- Directions for this task
Output exactly the lines of the listing below that run from the line with "CELINE cabastriomphe Small" through the line with "Heathered V-Neck T-Shirt-image-9". No pictures.
:: Exercise data ::
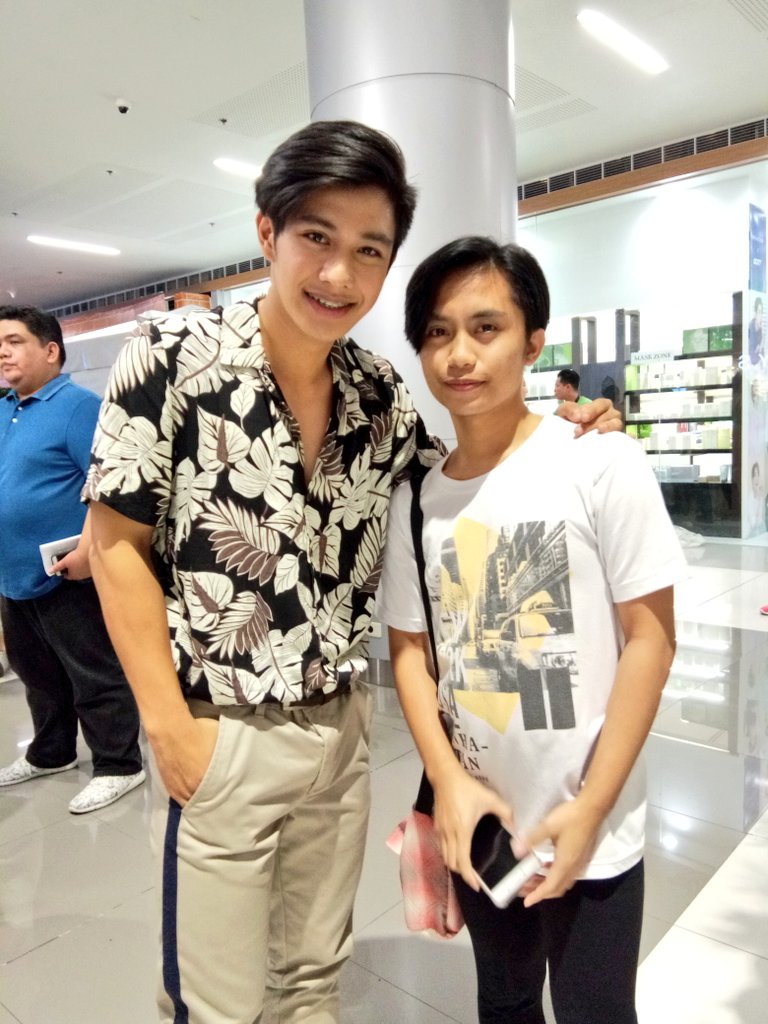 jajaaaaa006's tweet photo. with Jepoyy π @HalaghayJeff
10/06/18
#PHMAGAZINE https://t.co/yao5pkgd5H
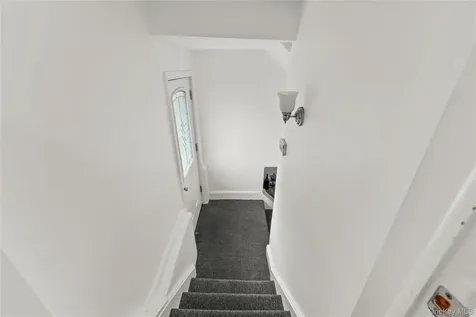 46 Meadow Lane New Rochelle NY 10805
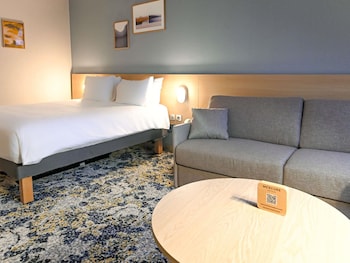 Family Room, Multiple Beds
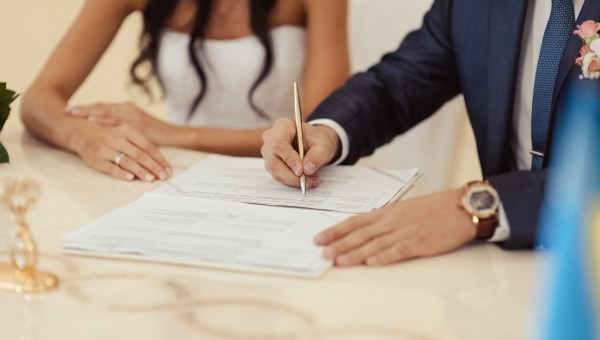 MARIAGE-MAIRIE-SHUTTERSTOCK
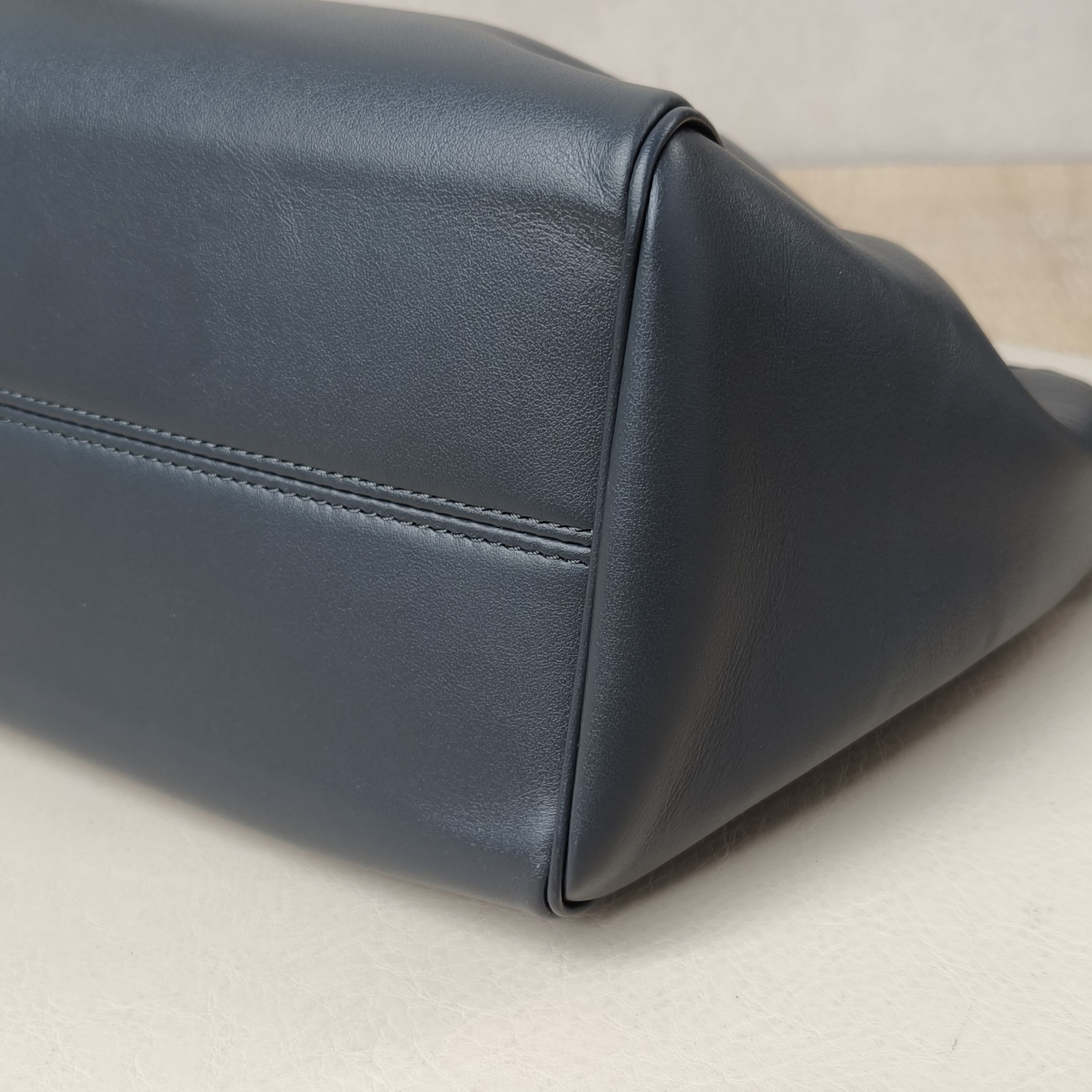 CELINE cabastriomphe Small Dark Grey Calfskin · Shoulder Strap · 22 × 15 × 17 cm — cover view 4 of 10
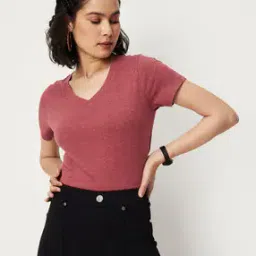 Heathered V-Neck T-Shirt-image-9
:::
:: Exercise data ::
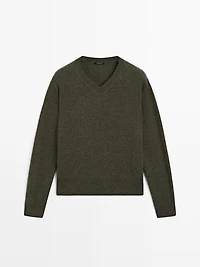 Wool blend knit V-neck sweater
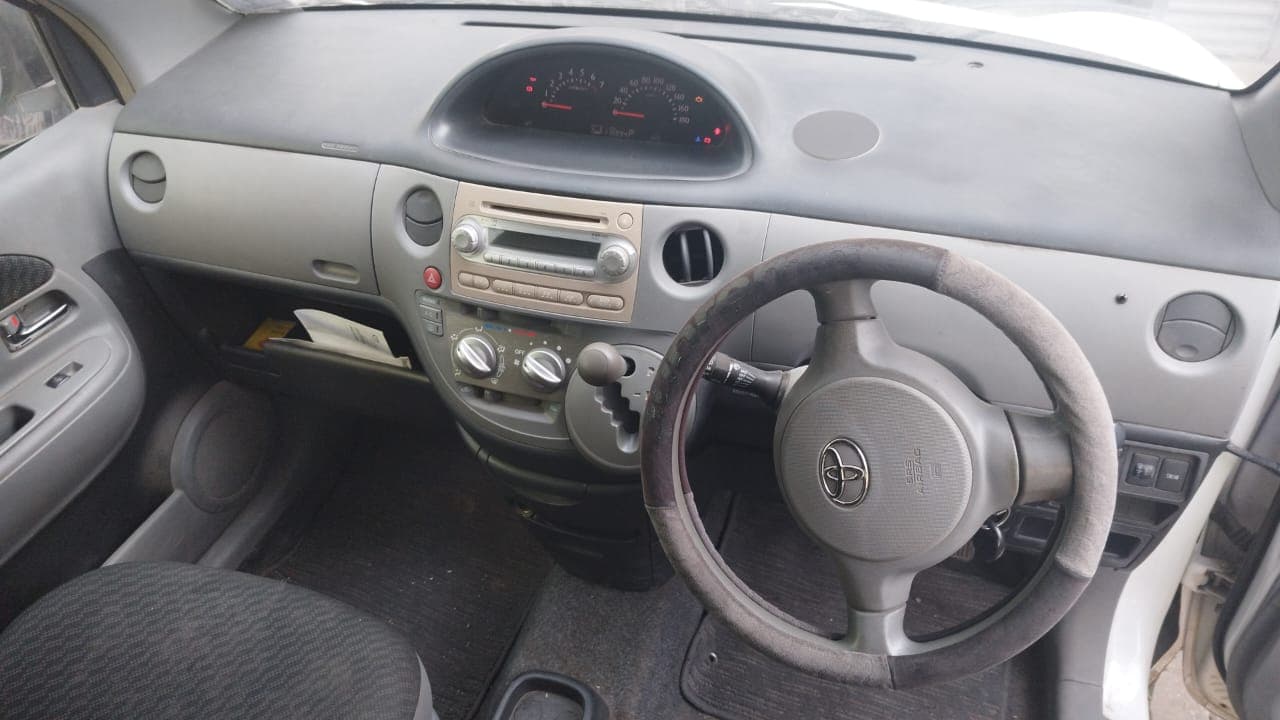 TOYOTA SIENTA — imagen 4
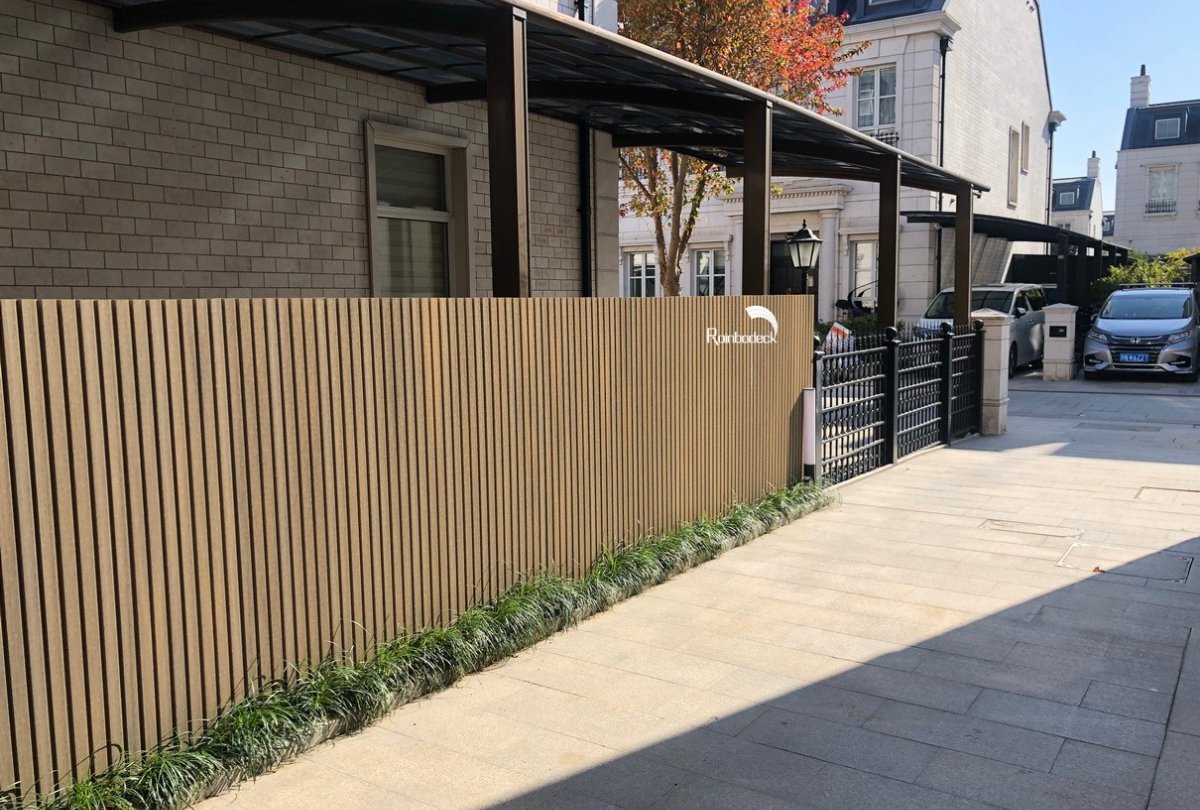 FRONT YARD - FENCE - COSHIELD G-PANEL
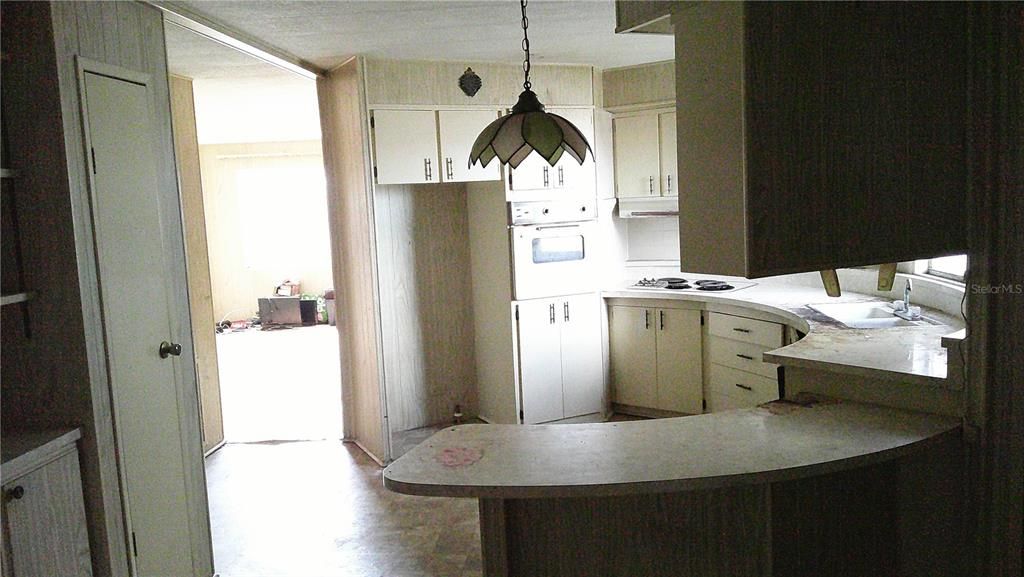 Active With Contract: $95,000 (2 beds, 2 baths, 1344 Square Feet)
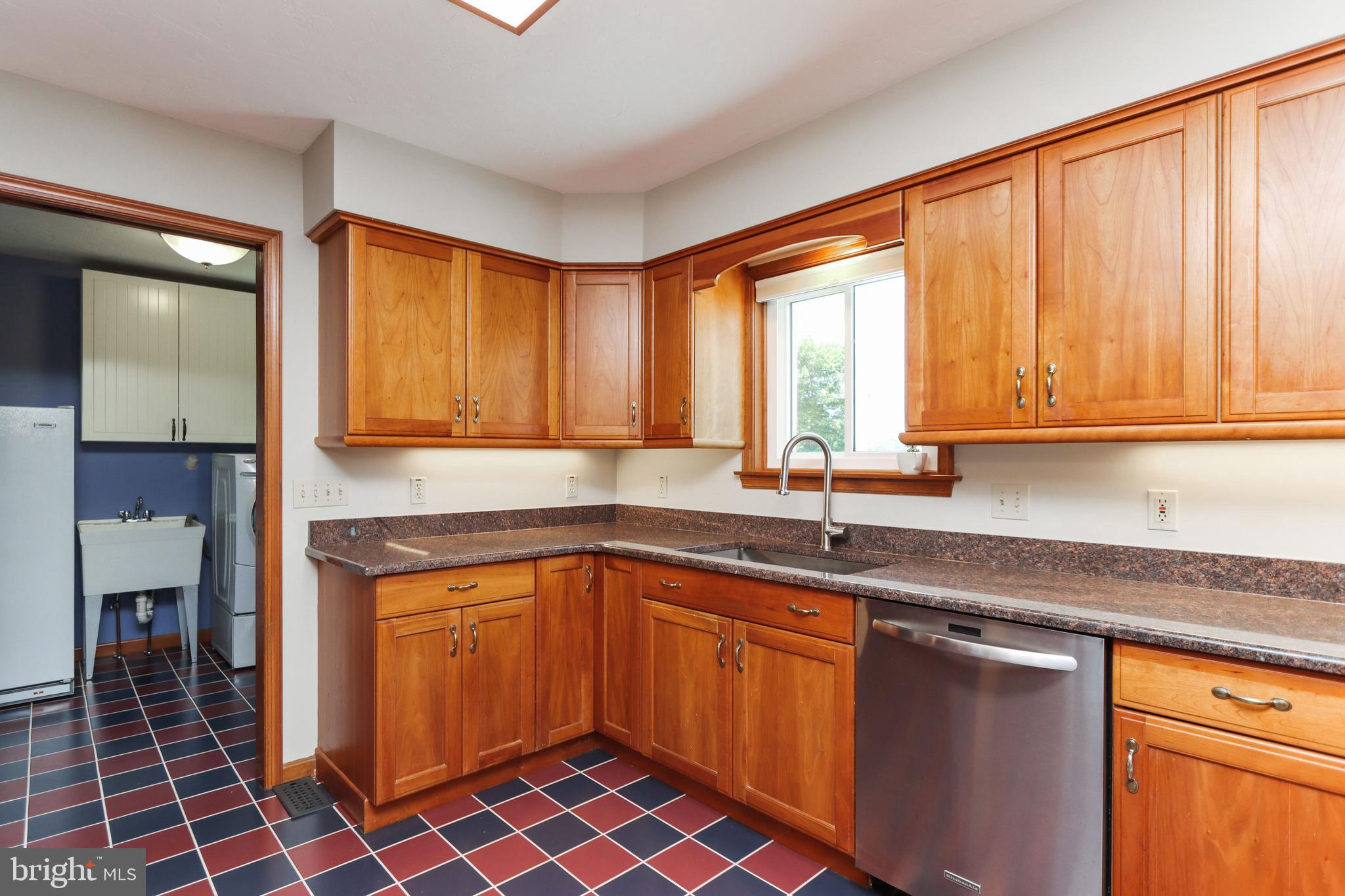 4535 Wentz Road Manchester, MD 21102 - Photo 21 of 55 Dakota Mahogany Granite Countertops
:::
:: Exercise data ::
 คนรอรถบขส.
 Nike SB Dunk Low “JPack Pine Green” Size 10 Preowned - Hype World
:::
- Written reply
 CELINE cabastriomphe Small Dark Grey Calfskin · Shoulder Strap · 22 × 15 × 17 cm — cover view 4 of 10
 Heathered V-Neck T-Shirt-image-9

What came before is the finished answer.